10 years on – How local authorities stepped up to the challenge of making a more resilient city
This summer will mark ten years from the 7/7 London Bombings. Ask any Londoner where they were that day and they can tell you. I was evacuated from Moorgate Station ‘due to a major incident’ which turned out to be the worst terrorist attack in the city in living memory. London’s emergency responders did an excellent job that day, surpassed only by the fortitude of Londoners themselves as they came to terms with what had happened. The fact that London remained a proudly cohesive city is a source of strength for the future.
For emergency responders, along with the pride at the professionalism and dedication of so many staff, came many lessons. My contribution was to lead the work to rethink how best to support people affected directly by terrorist attacks and other major incidents.
In 2005 there was a draft plan that most organisations were unaware of, and little or no training for staff providing care and support. Today, we have much better coordination between local authorities, the NHS, police and voluntary sector. We also have a much better understanding of the journeys of recovery people take, as they come to terms with trauma, injury, and bereavement and loss. That allows us to develop a more flexible and appropriate response, which puts the needs of people first and helps people get back a sense of control over their lives.
A decade of work on local authorities’ response to emergencies
That’s just one example of the work that has gone on over the past decade – similar stories of learning and improving could be told in many other areas of resilience work. London is rightly seen as leading the world in its readiness for major emergencies; delegations come from across Europe and from as far afield as China to learn from our work.
Sometimes, I sense that they hope I will show them some amazing piece of technology or a gleaming control room.
Our message is much more about agencies working closely together: planning, training and exercising.
But from the point of view of local authorities, the key thing to get right is the relationship with communities.
The shocking attacks in Paris left many people with very genuine concerns. I am sure other organisations will have asked themselves the same questions we did: if something like this was to happen here, could we lock down our buildings quickly and do as much as possible to protect our customers and staff? When you have leisure centres, libraries and dozens of schools as well as your main offices to worry about, this is no small undertaking.
Vigilance vs reassurance
Overall, local authorities want to strike the right note between appealing for vigilance and providing reassurance. Sometimes those messages might seem to contradict each other: if you warn people to be vigilant, do you risk heightening their fears? The last thing we want is for people to live their lives in fear.
Of course, there is no perfect answer and people receive messages according to their own beliefs and experiences. What people hear may not be what you meant to say.
In Haringey, we have found that bringing people together to discuss these issues is often the best approach: good ideas rise to the surface, and dialogue overcomes isolation. We know our communities are keen to support each other, but one message we frequently hear is: please don’t just talk to us when there is a security incident.

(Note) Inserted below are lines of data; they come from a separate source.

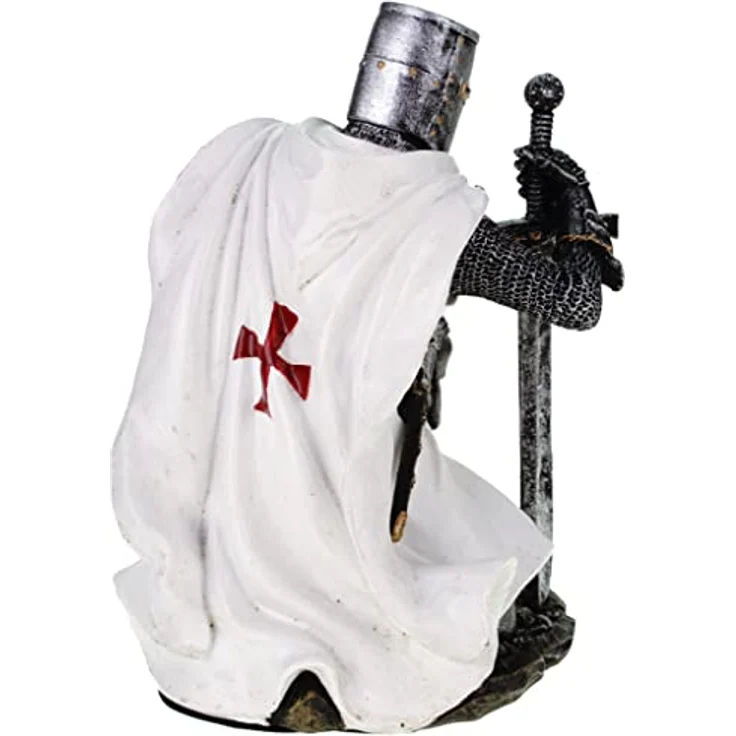 Tempelritter knieend 17 cm Figur Templer Ritter Templerkreuz Deko Skulptur – Bild 7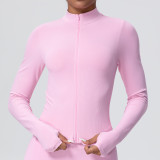 Women's Seamless Solid Color Tight-Fitting High Stretch Breathable Stand Collar Zipper Sport Running Fitness Jacket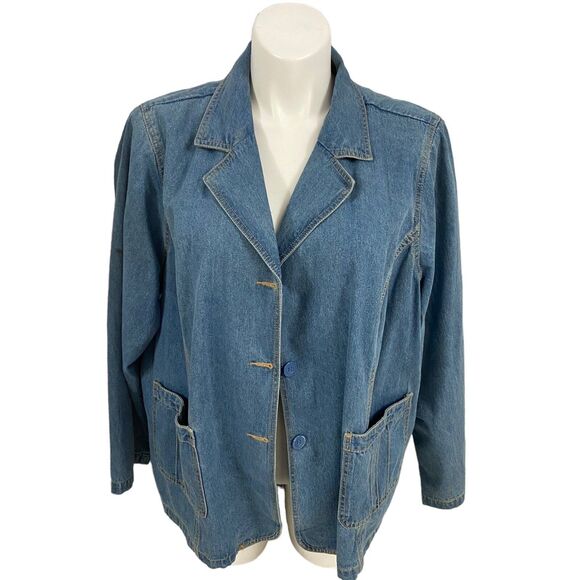 Denim & Co Blazer Womens 3x Blue Jacket Work Office Basic Festival Ranch America - Picture 9 of 16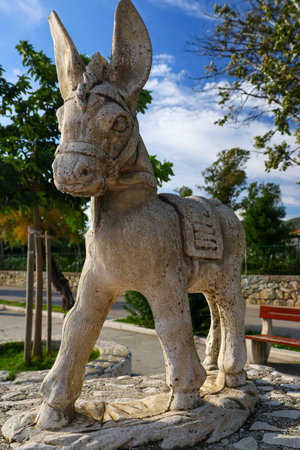 Statue of a donkey in the center of the city of KaÅ¡tela, Croatiaの写真素材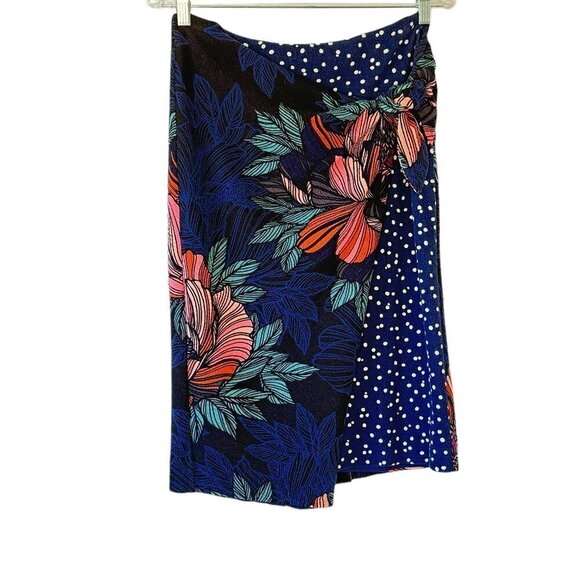 Maeve Anthropologie Faux Wrap Petal Pop Pencil Skirt Stretch Navy Pink Size 8 - Picture 2 of 11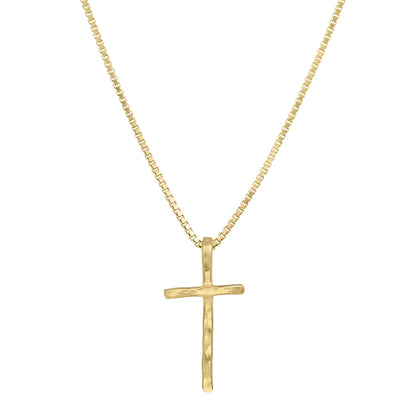 Gold Plated Hammered Cross Necklace – Simple Textured Pendant Design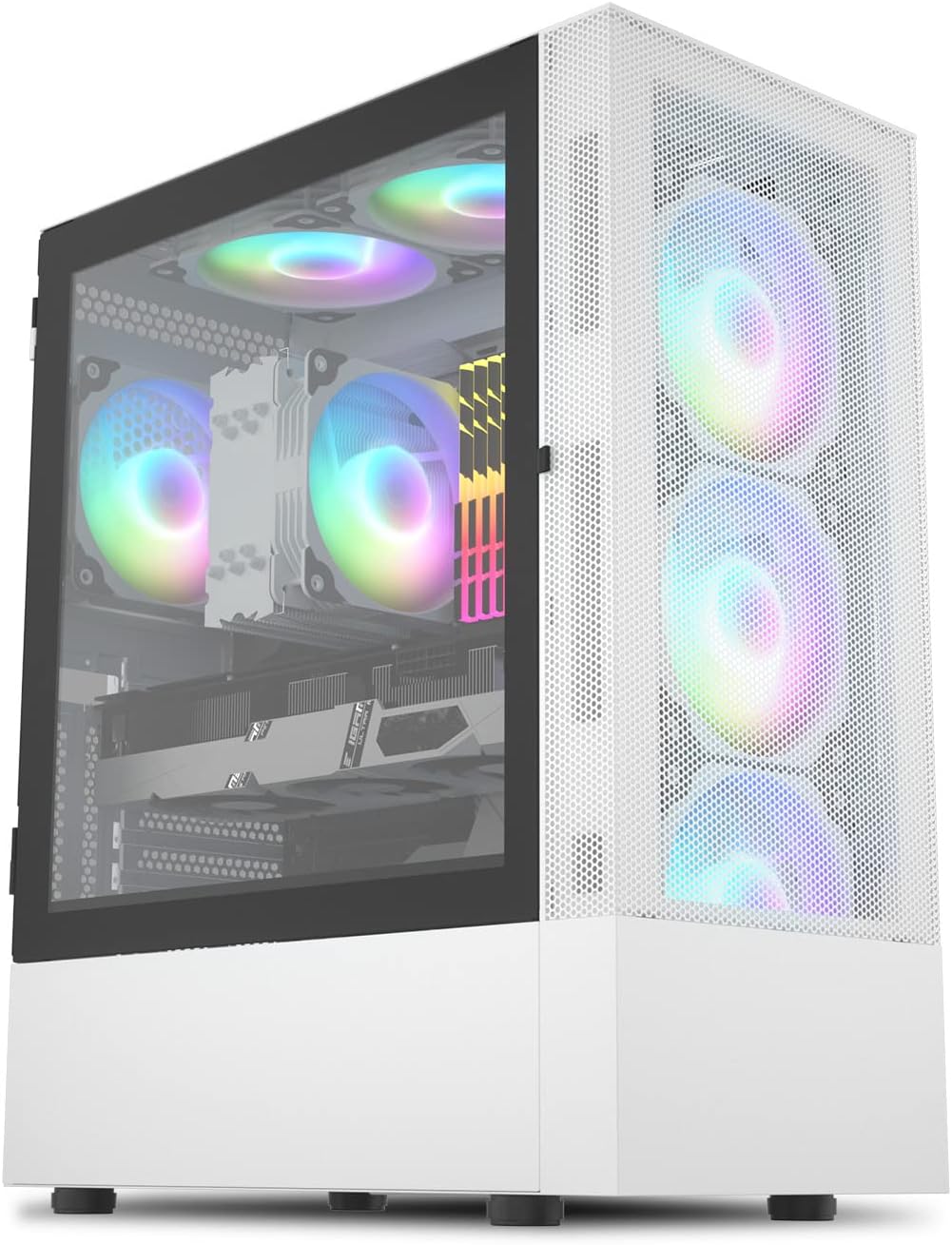 Compact Micro ATX Mini Tower Pink Mesh Computer Case C698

That’s why we have taken a broader approach. Conversations about radicalisation are part of wider discussions about community needs: health, education and training, and supporting businesses are all equally important. Our engagement work involves broad conversations, focusing on what communities can do for themselves and building links and relationships that will help them thrive.
Ensuring that self-sufficiency doesn’t lead to isolation and disconnection is crucial, as is mutual trust. Working with the police to share intelligence about threat situations is, of course, a crucial part of the equation, and local authorities are able to do this work precisely because of our local knowledge and close connections with communities.
When I survey ten years working in emergency planning in London, two things strike me. First is how the number of incidents we deal with is increasing, as is their profile: from the poisoning of Litvinenko to the 2011 riots and the winter flooding of 2013. London is a safe city, but not a risk-free one. The need to be prepared remains crucial.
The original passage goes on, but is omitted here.